Information supplied START

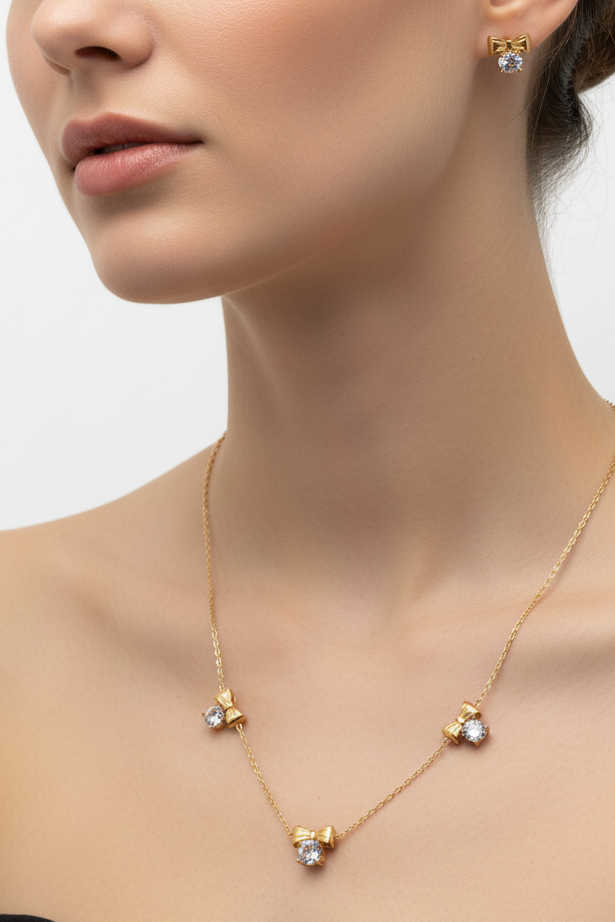 The Golden Bow & Crystal Solitaire Set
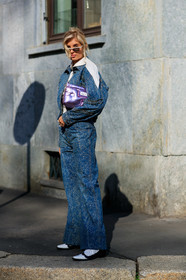 blue denim, denim jacket, denim pants, graphic jacket, graphic pants, jeans, leather bag, leather shoes, maison martin margiela, printed jacket, printed pants, purple bag, shiny bag, sunglasses, trousers, white shirt, white shoes, xenia adonts, MILAN, MFW, fashion week, frenchystyle, FW, jonathan paciullo, street style, AUTUMN WINTER 2019-2020, AW 19-20, FALL WINTER 2019-2020, FW 19-20, vertical, full length
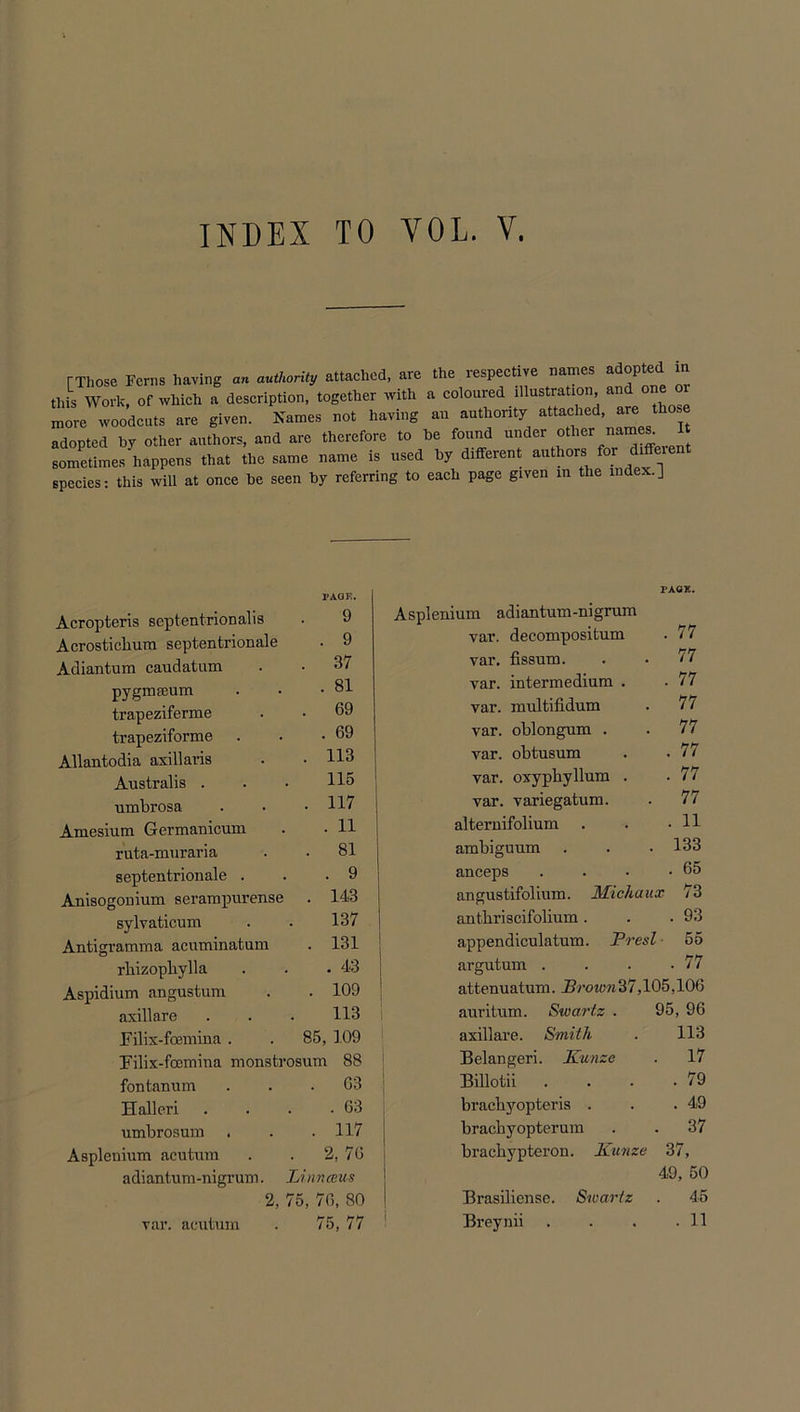 [Those Ferns having an authority attached, are the lespective names adopted i this Work, of which a description, together with a coloured illustration and one or more woodcuts are given. Names not having an authority attached, are tho adopted by other authors, and are therefore to be found under other names. It sometimes'happens that the same name is used by different authors for diffeien species: this will at once be seen by referring to each page given in the index.] Acropteris septentrionalis l’AOE. 9 Acrosticbum septentrionale . 9 Adiantum caudatum . 37 pygmteum . 81 trapeziferme . 69 trapeziforme . 69 Allantodia axillaris . 113 Australis . 115 umbrosa . 117 Amesium Germanicum . 11 ruta-muraria . 81 septentrionale . . 9 Anisogonium serampurense . 143 sylvaticum 137 Antigramma acuminatum . 131 rbizopbylla . 43 Aspidium angustum . 109 axillare 113 Bilix-fcemina . 85, 1.09 Bilix-foemina monstrosum 88 fontanum . . . 63 Halleri . . . -03 umbrosum . . .117 Asplenium acutuxn . . 2, 70 adiantum-nigrum. Linnaeus 2, 75, 76, 80 rar. acutum . 75, 77 Asplenium adiantum-nigrum var. decompositum var. fissum. var. intermedium . var. multifidum var. oblongum . var. obtusum var. oxypbyllum . var. variegatum. alternifolium . ambiguum anceps angustifolium. Michaux 73 antbriscifolium. . .93 appendiculatum. Presl 55 argutum . . . .77 attenuatum. iBrntow37,105,106 auritum. Swartz . 95, 96 axillare. Smith . 113 Belangeri. Kunze . 17 Billotii . • • .79 bracbyopteris . . .49 brachyopterum . . 37 bracbypteron. Kunze 37, 49, 50 Brasiliense. Swartz . 45 Breynii . . . .11 TASK. . 77 77 . 77 77 77 . 77 . 77 77 . 11 133 . 65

Information supplied END

Directions for this task: Make an exact copy of the listing. Leave its pictures out.

Expected answer:
 The Golden Bow & Crystal Solitaire Set
 blue denim, denim jacket, denim pants, graphic jacket, graphic pants, jeans, leather bag, leather shoes, maison martin margiela, printed jacket, printed pants, purple bag, shiny bag, sunglasses, trousers, white shirt, white shoes, xenia adonts, MILAN, MFW, fashion week, frenchystyle, FW, jonathan paciullo, street style, AUTUMN WINTER 2019-2020, AW 19-20, FALL WINTER 2019-2020, FW 19-20, vertical, full length
 [Those Ferns having an authority attached, are the lespective names adopted i this Work, of which a description, together with a coloured illustration and one or more woodcuts are given. Names not having an authority attached, are tho adopted by other authors, and are therefore to be found under other names. It sometimes'happens that the same name is used by different authors for diffeien species: this will at once be seen by referring to each page given in the index.] Acropteris septentrionalis l’AOE. 9 Acrosticbum septentrionale . 9 Adiantum caudatum . 37 pygmteum . 81 trapeziferme . 69 trapeziforme . 69 Allantodia axillaris . 113 Australis . 115 umbrosa . 117 Amesium Germanicum . 11 ruta-muraria . 81 septentrionale . . 9 Anisogonium serampurense . 143 sylvaticum 137 Antigramma acuminatum . 131 rbizopbylla . 43 Aspidium angustum . 109 axillare 113 Bilix-fcemina . 85, 1.09 Bilix-foemina monstrosum 88 fontanum . . . 63 Halleri . . . -03 umbrosum . . .117 Asplenium acutuxn . . 2, 70 adiantum-nigrum. Linnaeus 2, 75, 76, 80 rar. acutum . 75, 77 Asplenium adiantum-nigrum var. decompositum var. fissum. var. intermedium . var. multifidum var. oblongum . var. obtusum var. oxypbyllum . var. variegatum. alternifolium . ambiguum anceps angustifolium. Michaux 73 antbriscifolium. . .93 appendiculatum. Presl 55 argutum . . . .77 attenuatum. iBrntow37,105,106 auritum. Swartz . 95, 96 axillare. Smith . 113 Belangeri. Kunze . 17 Billotii . • • .79 bracbyopteris . . .49 brachyopterum . . 37 bracbypteron. Kunze 37, 49, 50 Brasiliense. Swartz . 45 Breynii . . . .11 TASK. . 77 77 . 77 77 77 . 77 . 77 77 . 11 133 . 65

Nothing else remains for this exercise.